Source data:
Content starts

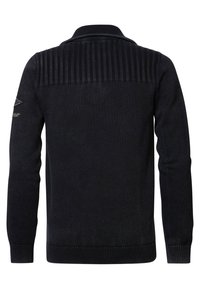 Black sweater with a ribbed texture on the back, featuring a collar and long sleeves. Includes subtle branding on the left arm.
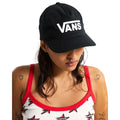 Modelo llevando gorra Vans Drop V Logo Snapback Hat negra con logo blanco bordado, ajuste clásico y diseño urbano estilo skate.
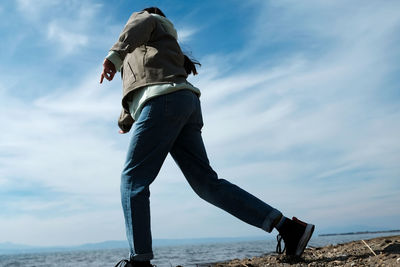 Rear view of young woman on beach against sky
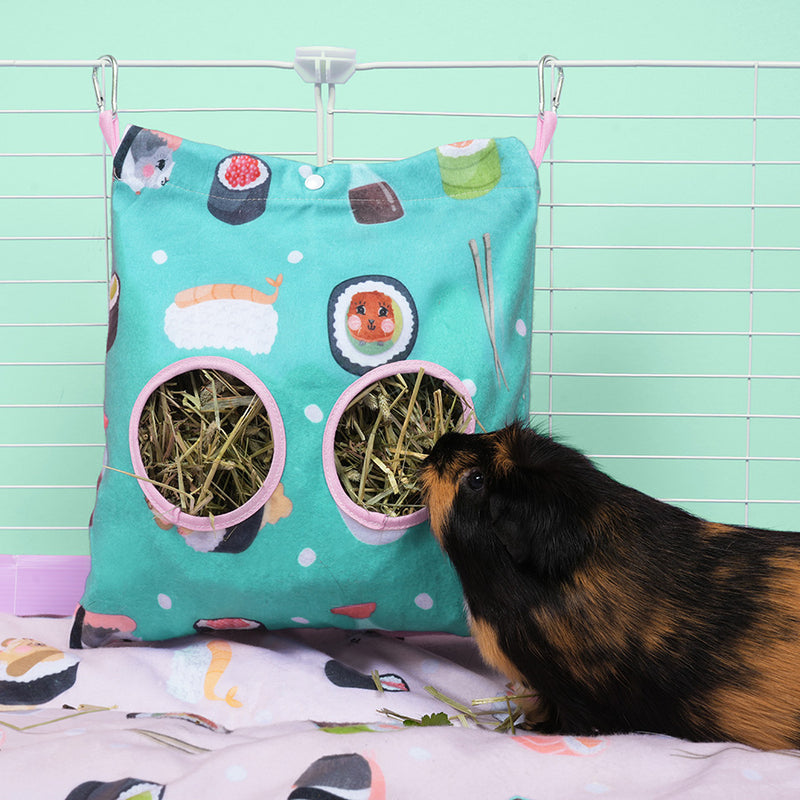 Black and brown guinea pig eating hay from Kavee limited edition sushi design haybag inside white cage on sushi design fleece liner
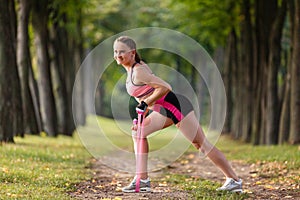 Sport girl making exercises outdoors.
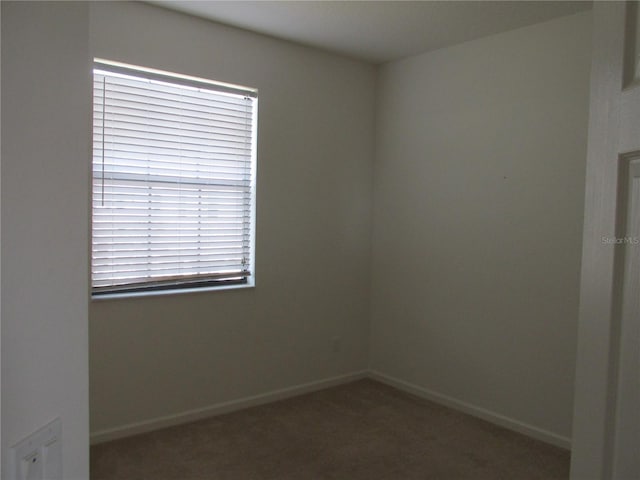 unfurnished room with carpet and baseboards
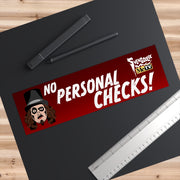 Overhead view of the red Svengoolie bumper sticker with 'NO PERSONAL CHECKS!' on a black surface beside a pen and ruler, showing its size.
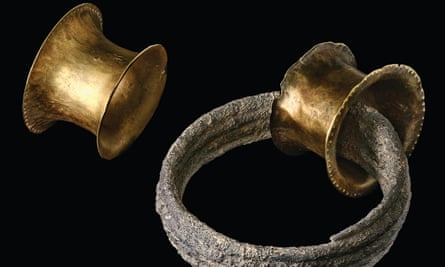 A bronze age ear plug and spiral found at La Almoloya in Murcia.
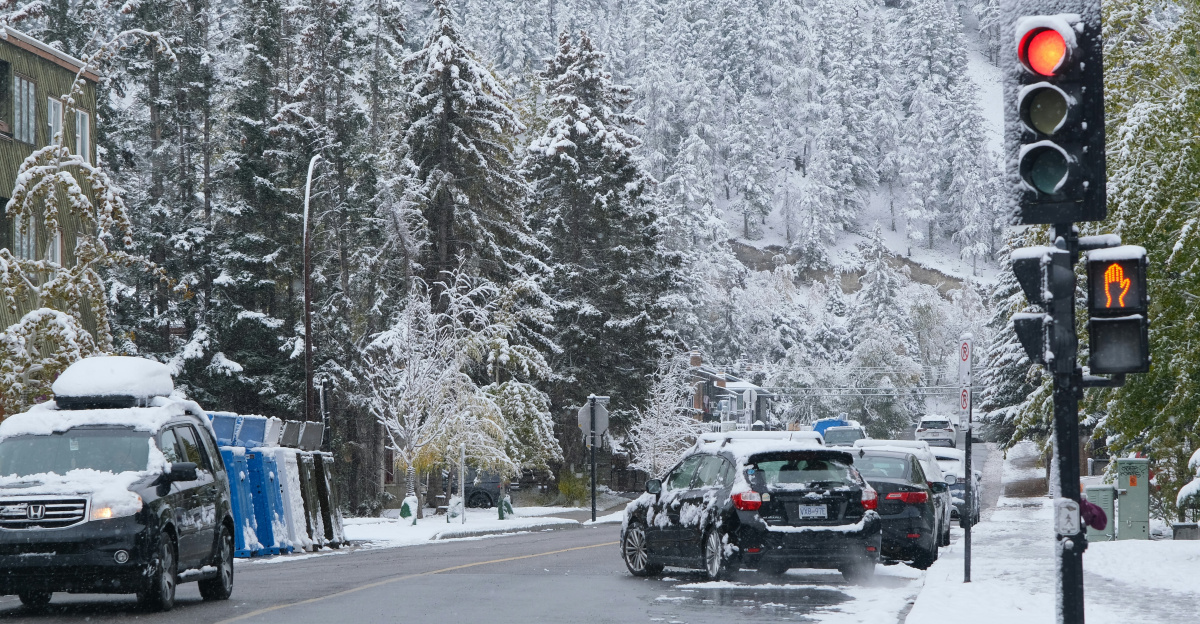 Traffic light on a snowy street with cars.
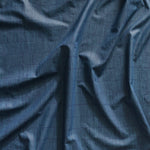 Close up of gently draped printed linen with thin hand drawn stripe grid in dark blue on navy blue.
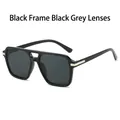 Gafas de sol aviador cuadradas con montura negra, lentes grises y detalles dorados - Montura Negra Lentes Gris Negro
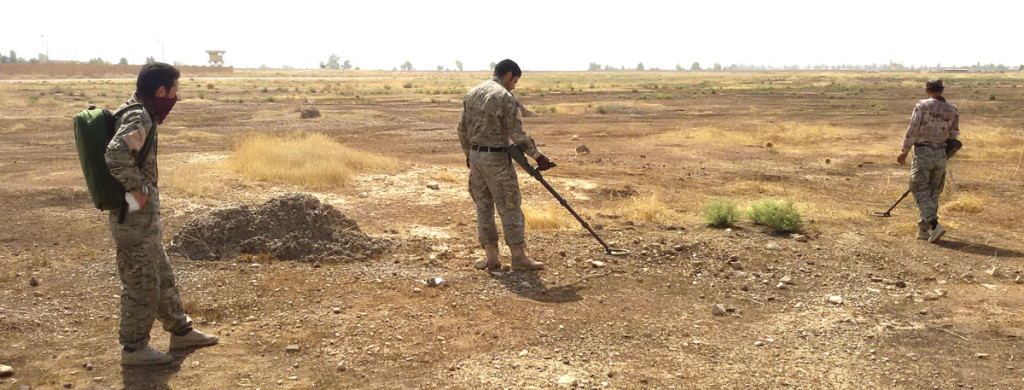 Kurdish Peshmerga soldier with a metal detector provided by Spirit of America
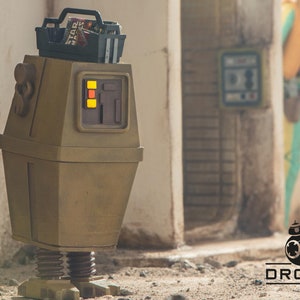 Può includere: Un piccolo robot marrone con una cassetta degli attrezzi in cima. Il robot ha una luce gialla e rossa sul davanti. Il robot è in piedi su una superficie sabbiosa.
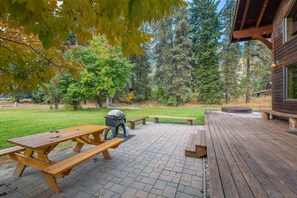 Una terraza de madera con mesas de picnic y una parrilla.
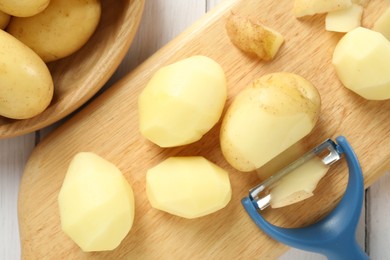 Photo of Fresh raw potatoes, peels and peeler on white wooden table, top view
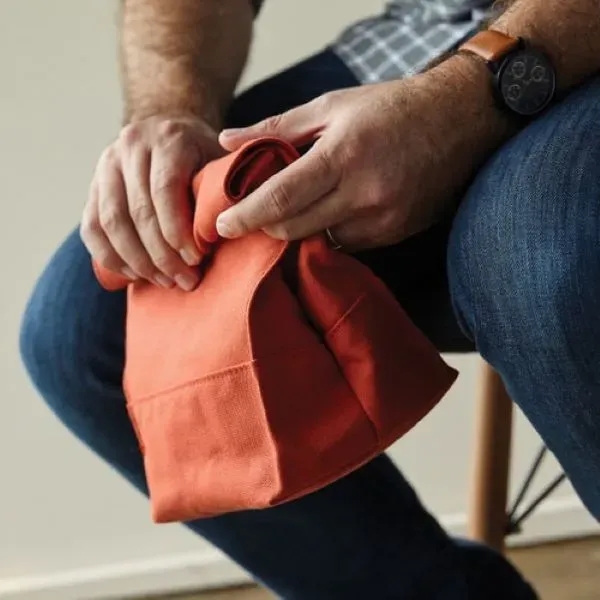 Lunch bag that features a heavyweight canvas exterior and metal snap... from ASI 74710 Numo / City Cut & Sew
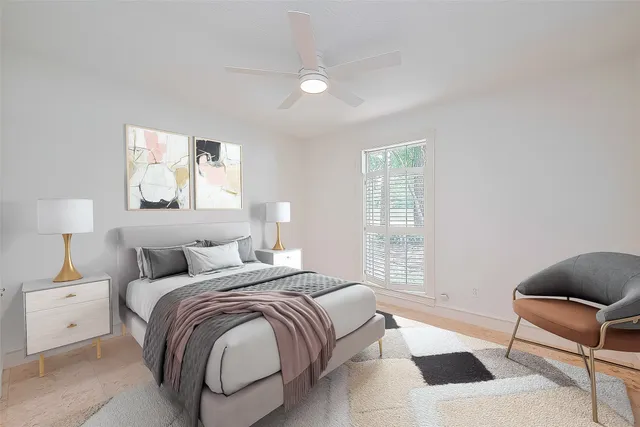 a bedroom with a bed a couch and window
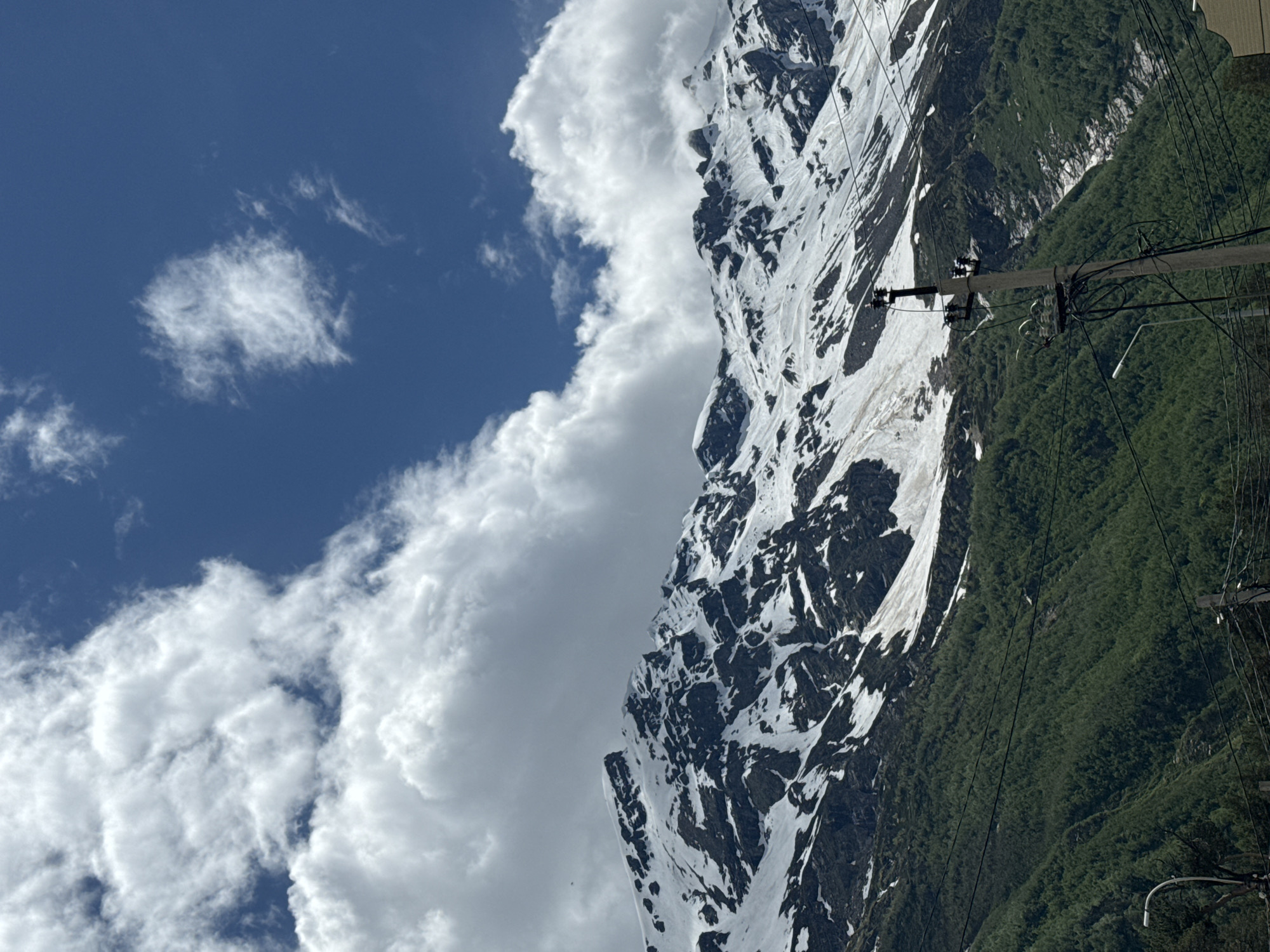 Snow-capped peaks and village paths in Terskol's Caucasus landscape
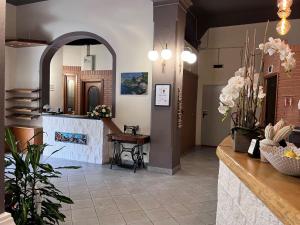 a lobby of a restaurant with a fireplace at Eden Hotel in Deiva Marina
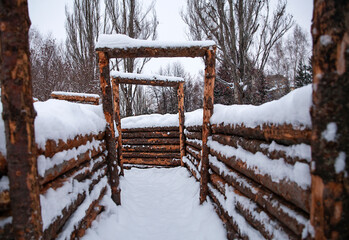 trenches made of wooden logs in winter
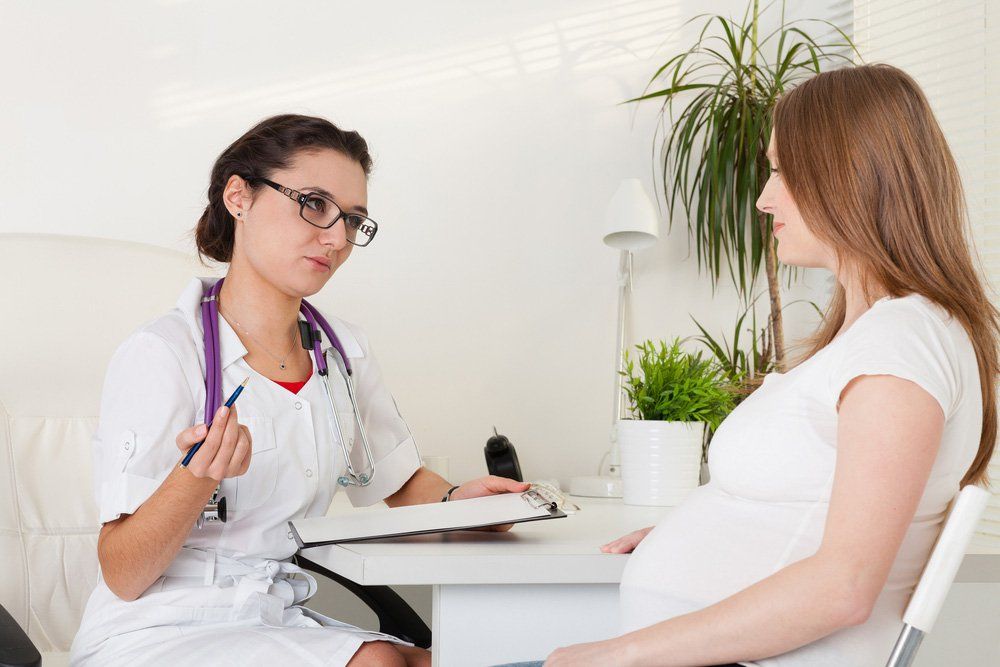Pregnant Woman Visiting Doctor — Deception Bay Doctors In Deception Bay, QLD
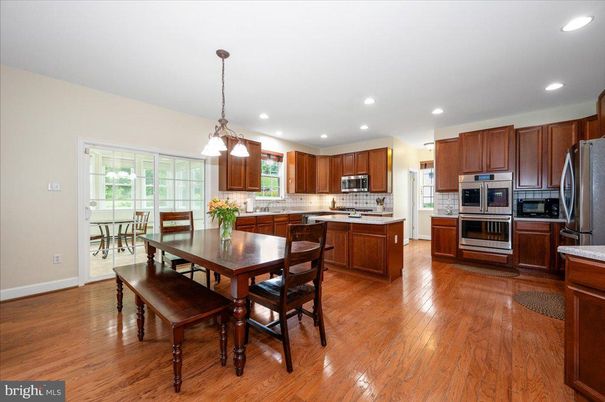 Dining room, Interior, Kitchen, Pendant Lights, Recessed Lighting, Stainless Steel Appliances, Wood Texture Flooring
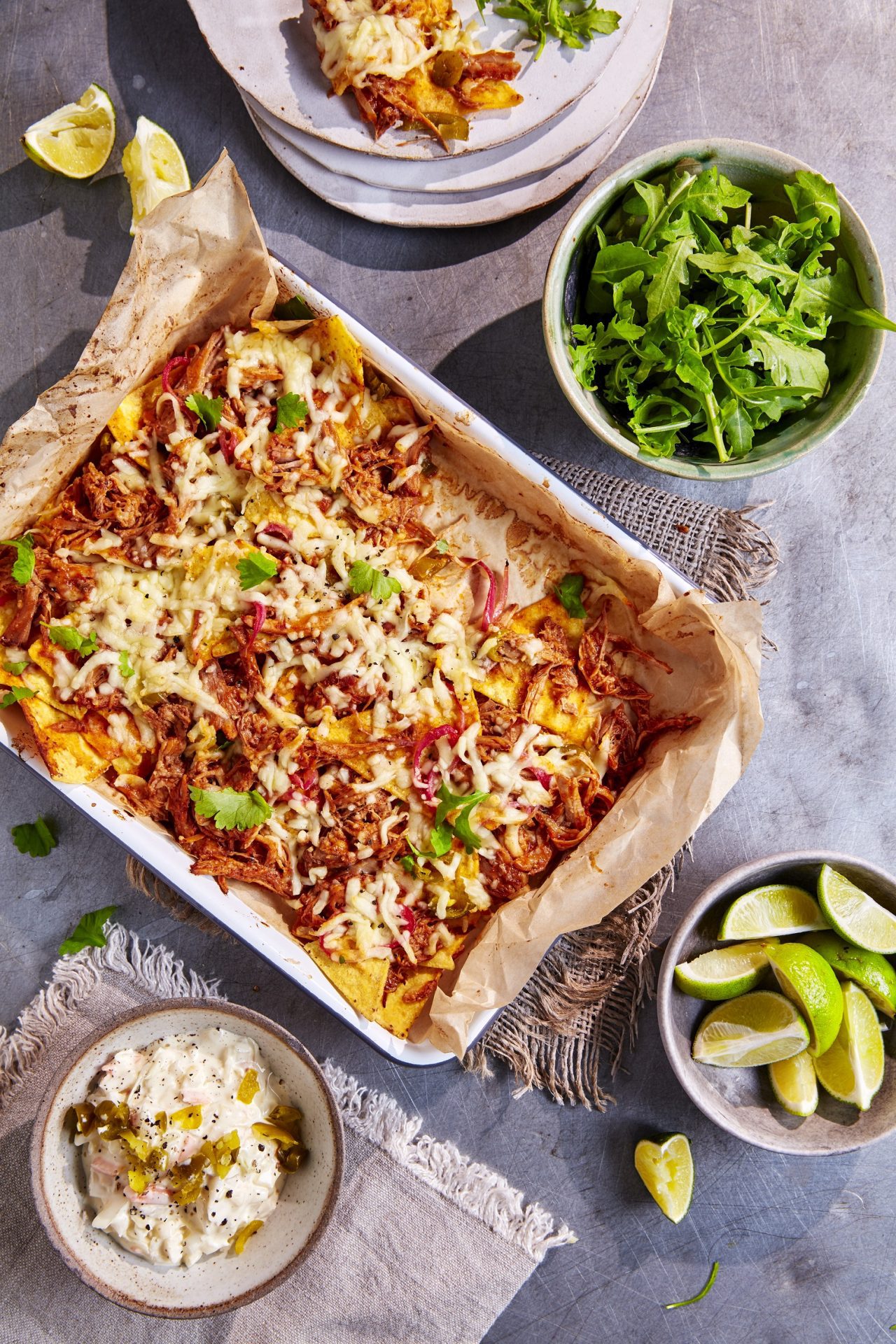 Pulled pork topped nachos with cheese served in a baking tray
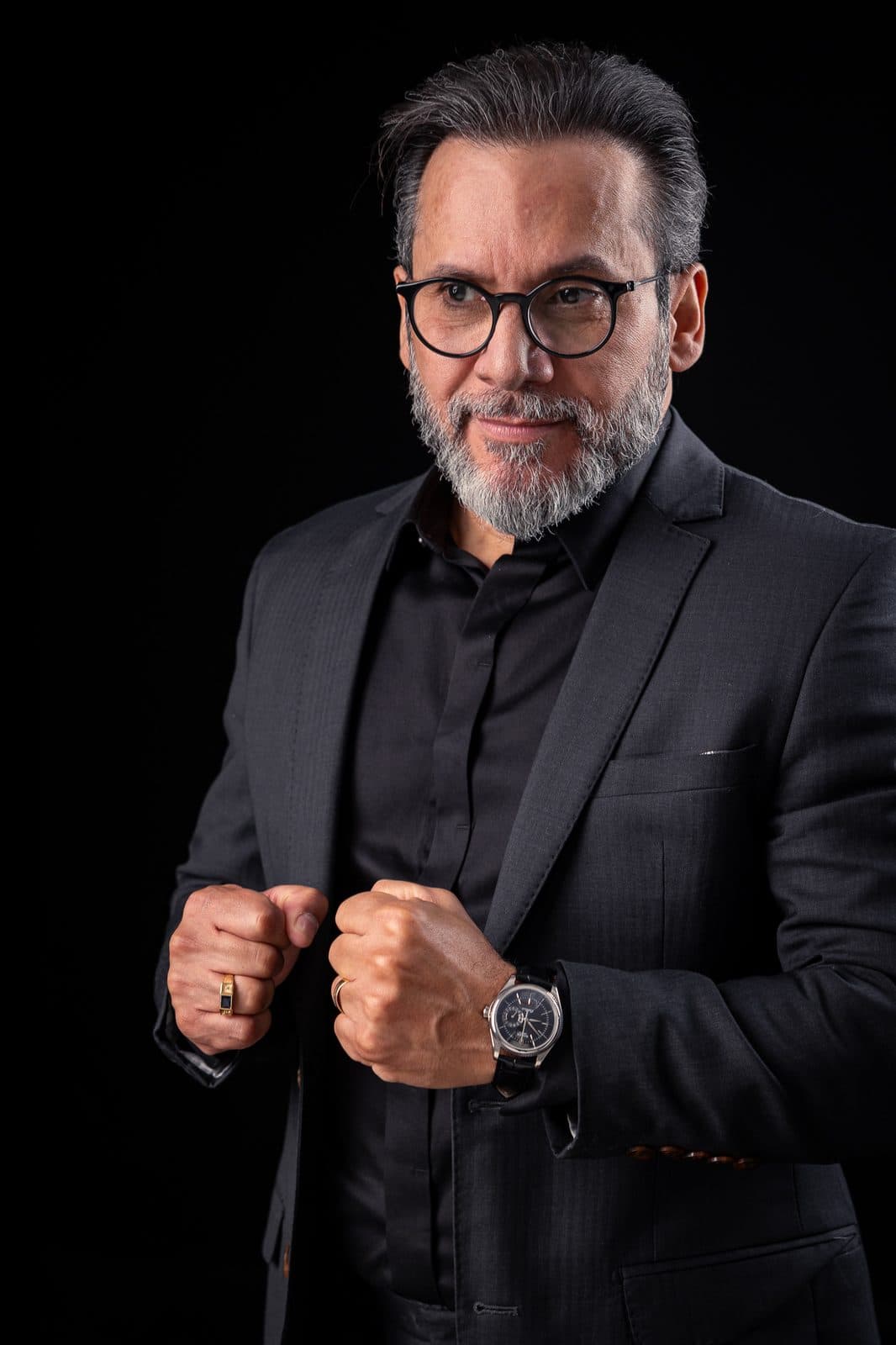 Gérson Rodrigues de terno preto, ajustando o punho da camisa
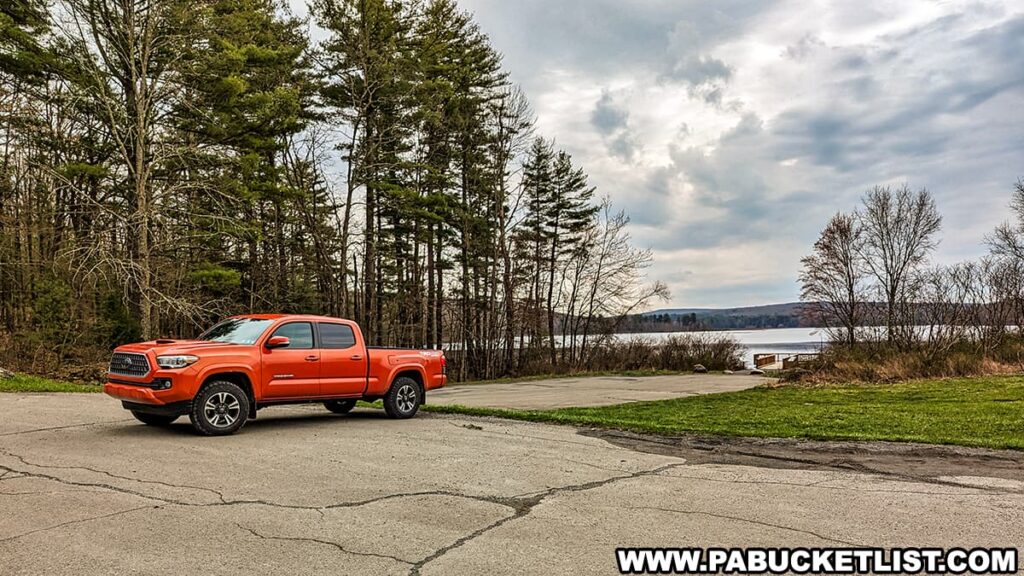 A vibrant orange pickup truck is parked on an asphalt lot, surrounded by towering green trees. In the background, a serene lake stretches into the distance, hinting at the natural beauty of Shohola Falls in Pike County, Pennsylvania. The sky above is a dynamic canvas with patches of blue peeking through the predominant gray-white clouds, suggesting a cool, overcast day. The scene is peaceful, with the truck standing out against the natural palette of the landscape.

Content ends

Required work:
The copy should hold exactly the lines above from the one with "unfurnished room with carpet and baseboards" through the one with "Gérson Rodrigues de", both ends counted, and no pictures at all.

Task solution:
 unfurnished room with carpet and baseboards
 Overhead view of the red Svengoolie bumper sticker with 'NO PERSONAL CHECKS!' on a black surface beside a pen and ruler, showing its size.
 A bronze age ear plug and spiral found at La Almoloya in Murcia.
 Traffic light on a snowy street with cars.
 Close up of gently draped printed linen with thin hand drawn stripe grid in dark blue on navy blue.
 Gafas de sol aviador cuadradas con montura negra, lentes grises y detalles dorados - Montura Negra Lentes Gris Negro
 Kurdish Peshmerga soldier with a metal detector provided by Spirit of America
 Può includere: Un piccolo robot marrone con una cassetta degli attrezzi in cima. Il robot ha una luce gialla e rossa sul davanti. Il robot è in piedi su una superficie sabbiosa.
 Una terraza de madera con mesas de picnic y una parrilla.
 Photo of Fresh raw potatoes, peels and peeler on white wooden table, top view
 Lunch bag that features a heavyweight canvas exterior and metal snap... from ASI 74710 Numo / City Cut & Sew
 a bedroom with a bed a couch and window
 Snow-capped peaks and village paths in Terskol's Caucasus landscape
 a lobby of a restaurant with a fireplace at Eden Hotel in Deiva Marina
 trenches made of wooden logs in winter
Pregnant Woman Visiting Doctor — Deception Bay Doctors In Deception Bay, QLD
 Dining room, Interior, Kitchen, Pendant Lights, Recessed Lighting, Stainless Steel Appliances, Wood Texture Flooring
 Pulled pork topped nachos with cheese served in a baking tray
 Gérson Rodrigues de terno preto, ajustando o punho da camisa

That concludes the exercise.